My hope is that the IOHID makes timestamps during the USB frame when the values arrived at the host. These should be one USB frame old and reliably related to the event times. I am hoping that the timestamps are not made when the queue callback is called. This would be pointless. * I can get a sense of this by taking additional timestamps of my own, during the callback, and comparing them to the IOHIDValue timestamps. * It would be nice to know explicitly where the timestamps come from, but I don't see that in the docs. I'm guessing Apple just doesn't want to commit/admit that HID is based USB?

Psychtoolbox PsychHID

In an effort to not reinvent the wheel, I reread some about the Psychtoolbox HID implementation called PsychHID. To be honest, I don't like PsychHID and don't think it does a good job of managing HID device elements and queues. Some of its polling behavior is silly. I also think the developer(s) didn't read the spec. carefully enough. But I might be wrong, and PsychHID is worth mentioning.

PsychHID is documented at psychtoolbox.org. The most interesting use of it is for their "Daq toolbox", which is designed to use the same "1208FS" digital-analog converter that Snow Dots and mexHID might want to use.

There's a thread at the Psychtoolbox forum about timing with PsychHID. This is where I disagree with the developer(s) about what to expect from USB and HID: * One claim is that 2ms is the best resolution to be expected from USB devices. I think this is only true as a conservative estimate of what happens when you poll for one sample at a time, from Matlab. But setting up smarter queueing with the USB host or using a device (like the 1208FS!) with onboard clock and memory should improve the situation a lot. * Another claim is that a device is allowed to wait 5 (or many) seconds in order to fulfill a transaction, so who knows what timing to expect? But by my reading, this is not true of isochronous or interrupt transactions, which are promised to happen on the next frame. And even with control transactions, I think the handshake received by the host will indicate when the transaction actually got processed--which is really important. Following a transaction, I guess there is uncertainty about when a device will to something interesting in response, but this is not the same as the 5-second uncertainty cited.

I think it's reasonable to expect that a device will act on a transaction as soon as possible (as fast as those transistors can go!) once it processes and sends an acknowledgement for a transaction. Why would it wait? I'm not certain how to verify this. It might have to be an assumption.

Plan for mexHID

Based on all this, I think I can improve the mexHID function of Snow Dots to squeeze more timing information out of HID devices on OS X.

The big win should come from counting USB frames before and after synchronous behaviors. Since the USB frame clock should be the most relevant to USB transactions, this should provide the best bounds on when a transaction (and therefore a behavior) actually takes place, in the time frame of the host (which is the time frame of Snow Dots).
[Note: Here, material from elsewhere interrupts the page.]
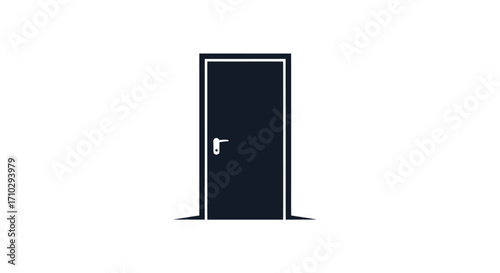 Simple black door with a silver handle on a white background.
This will involve: * Getting an IOUSB interface for each device (as opposed to an IOHID interface) * Surrounding some mexHID calls with frame counting * Figuring out a nice way to report the frame-time bounding to the user, maybe as extra outputs to from mexHID calls.

A second win would be determining the origin of IOHIDValue timestamps. Are they equivalent to USB frame numbes? Are they equivalent to the correct frames? I can at least explore this, also with USB frame counting. I'm imagining a big timestamp sandwich as a first smell test: * GetSecs from Matlab * Synchronously get or set a HID element value with mexHID * Take my own "OS absolute time" timestamp * Read the current USB frame number, with timestamp * Read the IOHIDValue timestamp * Read the current USB frame number, with timestamp * Take another "OS absolute time" timestamp * GetSecs from Matlab

My understanding is that GetSecs is also "OS absolute time". So all 6 of the outer timestamps be comparable. If the inner, IOHIDValue timestamp is roughly equal to any of the others, that's bad news because it would have been assigned at call time. If it's less than the others, it may have been assigned at frame time, which would be good.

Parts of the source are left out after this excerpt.